One of my favourite books forty years ago, I got a good deal on the three connected Rosemary Sutcliffe's Roman Britain novels for my Kindle. (Yes, I know what I said about not re-buying books on Kindle that were already on my shelves but I paid no more for three than I would have done for the third one, which I did not have. What a pity the fourth one 'Frontier Wolf' doesn't seem to be on Kindle yet.)

So this was a re-reading after perhaps twenty years and in the meantime I've seen the movie 'Eagle' which is based on the book (and which I quite enjoyed despite a few diversions from the original story).

Marcus, intent on following his deceased father into the Roman legions is sent north to command a small post on Hadrian's Wall – his first command. Unfortunately it's a short command because, though he acquits himself well, he's seriously wounded in a clash with local tribes and is invalided out before his career has begun. It's while he's recovering in the villa of his elderly uncle that he's moved to buy a British gladiator, Esca, who becomes, at first, his slave and later his friend. When he hatches a plan to go north beyond Hadrian's Wall to recover the eagle of the lost Ninth Legion, Esca goes with him of his own free will.

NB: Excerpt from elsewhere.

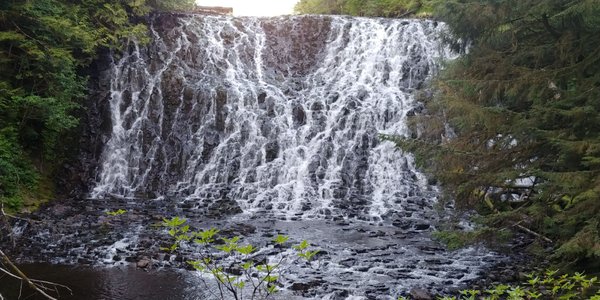 The waterfall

The Ninth Hispania marched north from Eburacum (York) twelve years earlier and was never seen again, but there are rumours of the all-important Roman eagle – the legion's standard – in the hands of British tribesmen. Marcus has a vested interest because the Ninth was his father's last posting, he was second in command and no one knows what happened to him.

So in the guise of a quacksalver – a travelling occulist – Marcus heads into the wild lands with Esca to begin is search for the honour of his father's legion, learning much, not all of it pleasant or heroic, before finally achieving his aim – though things never turn out quite as imagined at the outset.